**DATASET EXTRACT**
"""
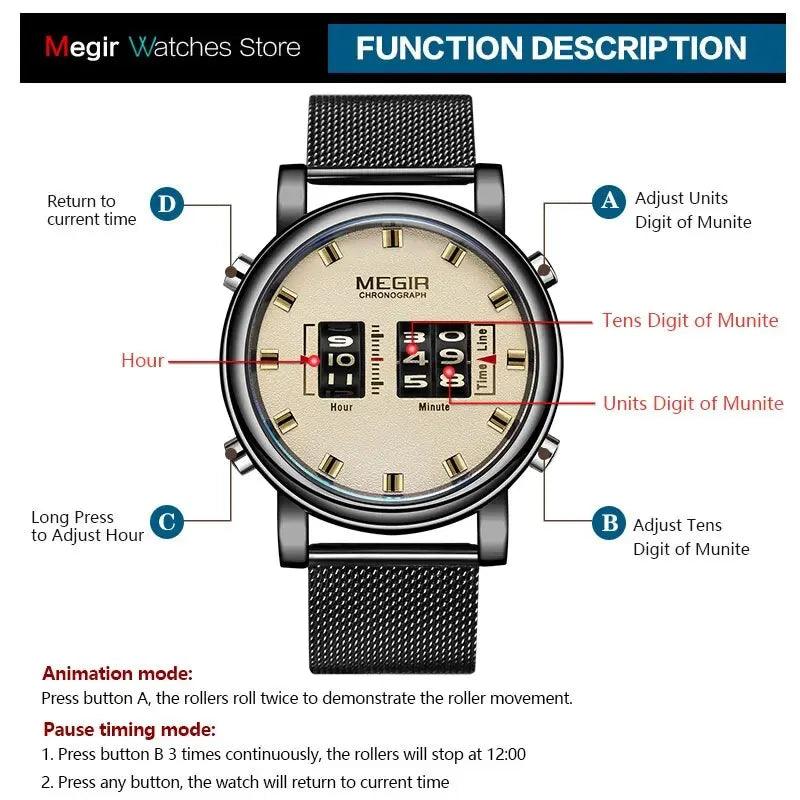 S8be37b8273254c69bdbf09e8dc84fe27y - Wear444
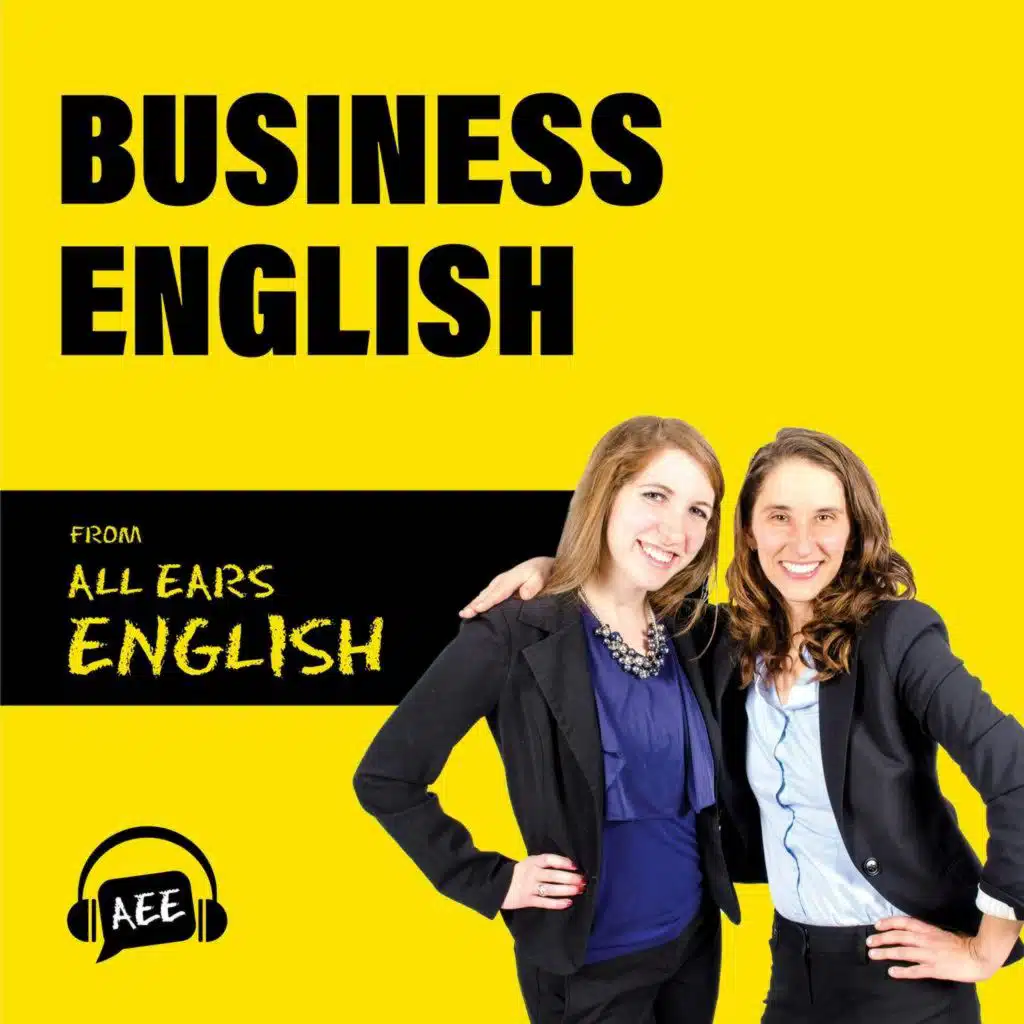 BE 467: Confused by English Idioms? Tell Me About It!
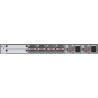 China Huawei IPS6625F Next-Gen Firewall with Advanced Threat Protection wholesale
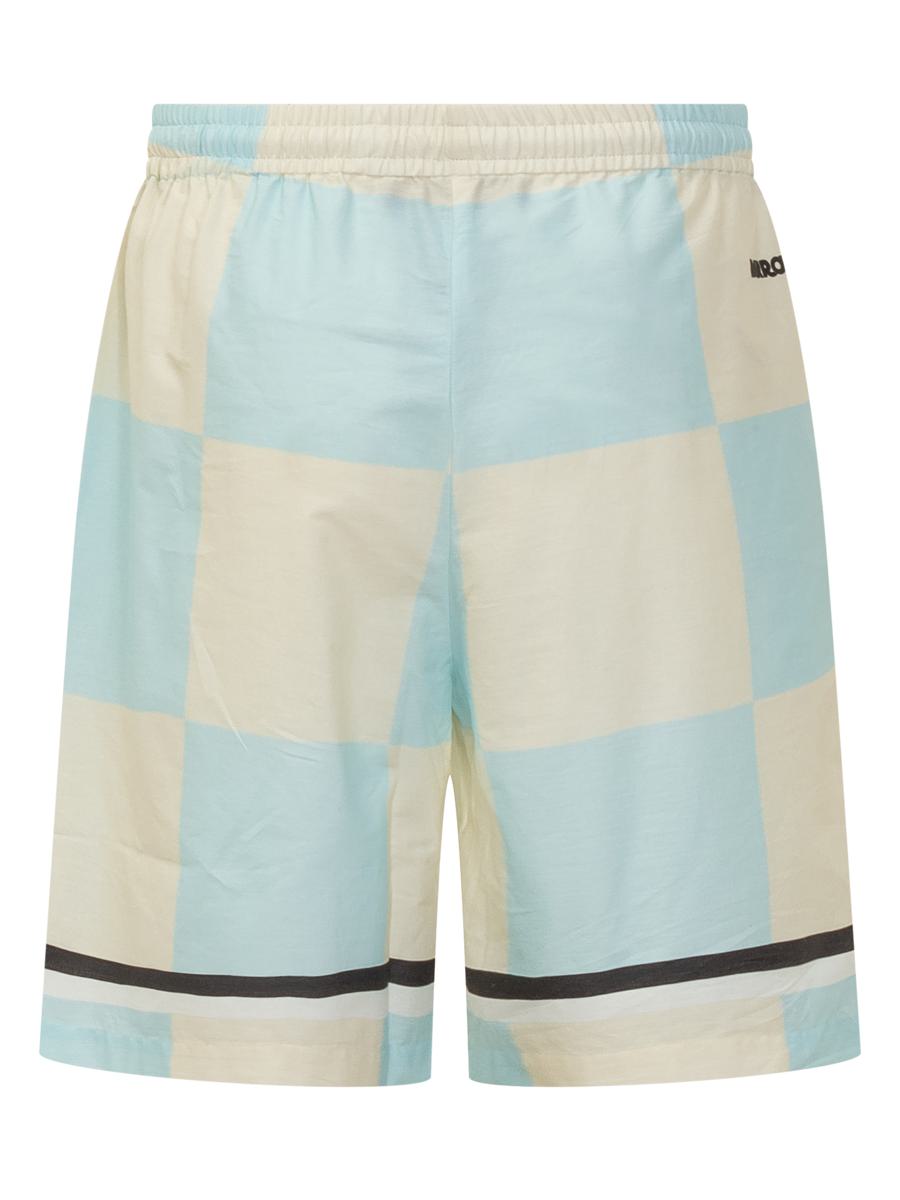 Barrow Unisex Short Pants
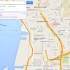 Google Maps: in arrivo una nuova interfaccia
"""
"""
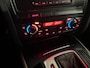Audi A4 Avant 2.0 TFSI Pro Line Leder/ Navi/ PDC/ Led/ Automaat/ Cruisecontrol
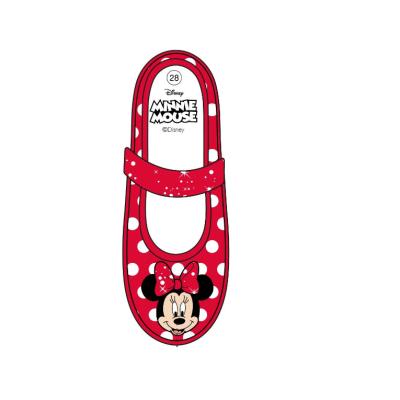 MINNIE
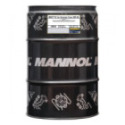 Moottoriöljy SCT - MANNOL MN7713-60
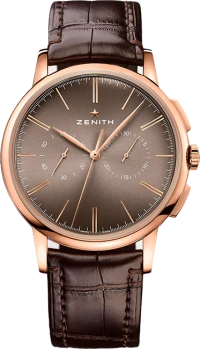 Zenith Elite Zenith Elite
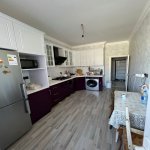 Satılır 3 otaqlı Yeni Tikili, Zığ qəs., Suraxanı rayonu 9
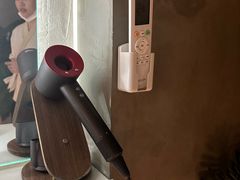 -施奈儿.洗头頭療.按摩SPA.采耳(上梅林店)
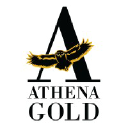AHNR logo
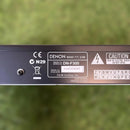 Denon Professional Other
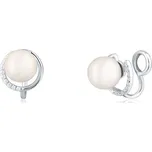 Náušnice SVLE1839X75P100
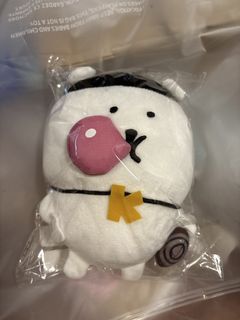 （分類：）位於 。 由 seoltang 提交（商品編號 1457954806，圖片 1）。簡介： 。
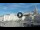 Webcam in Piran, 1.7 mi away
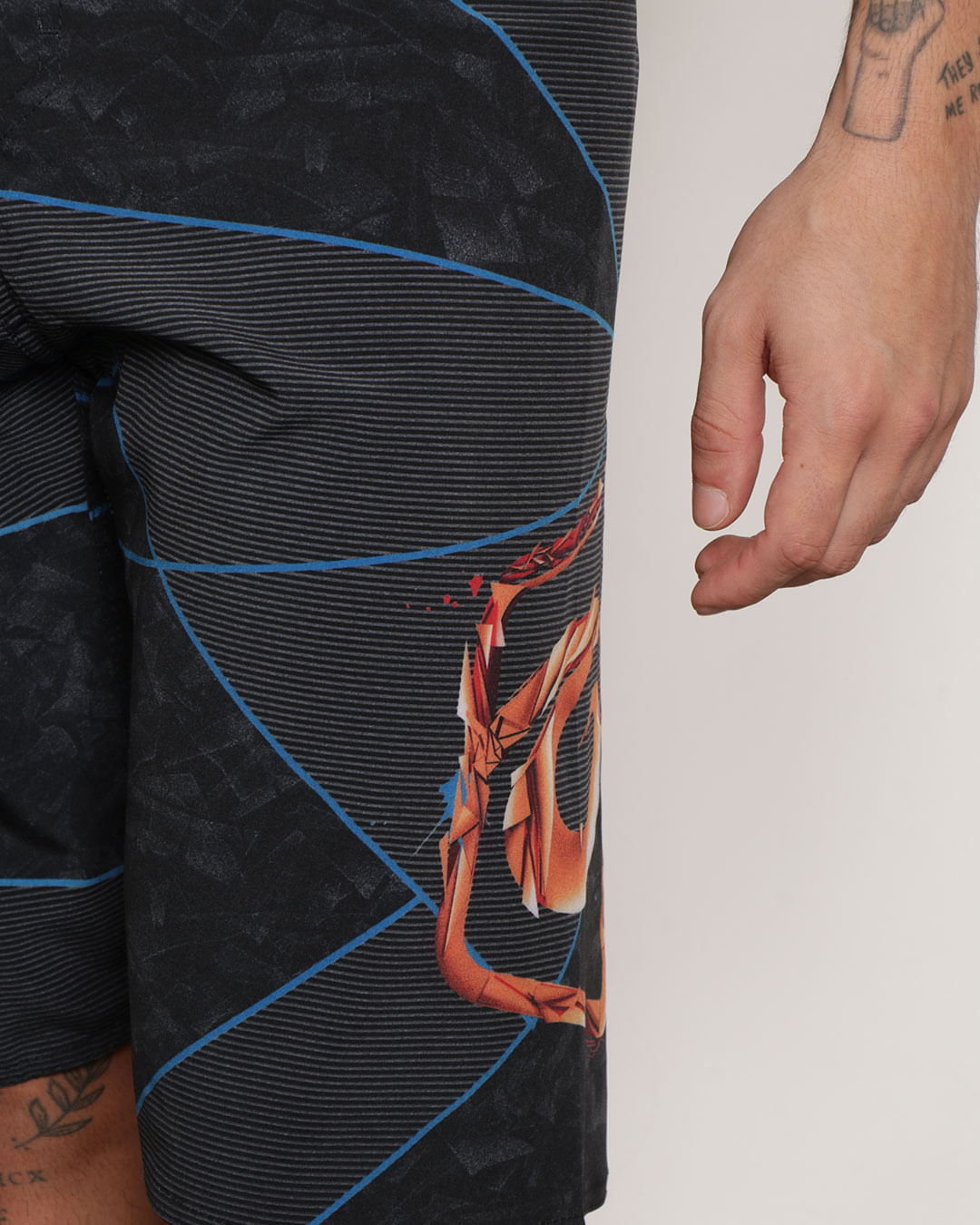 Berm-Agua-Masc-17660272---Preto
"""
**WHAT TO WORK ON**
Please return the material above only from the line that holds "Denon Professional Other" through the line that holds "Berm-Agua-Masc-17660272---Preto", exactly as it stands, ends included and pictures omitted.

**REPLY TO THE TASK**
 Denon Professional Other
 Náušnice SVLE1839X75P100
 （分類：）位於 。 由 seoltang 提交（商品編號 1457954806，圖片 1）。簡介： 。
 Webcam in Piran, 1.7 mi away
 Berm-Agua-Masc-17660272---Preto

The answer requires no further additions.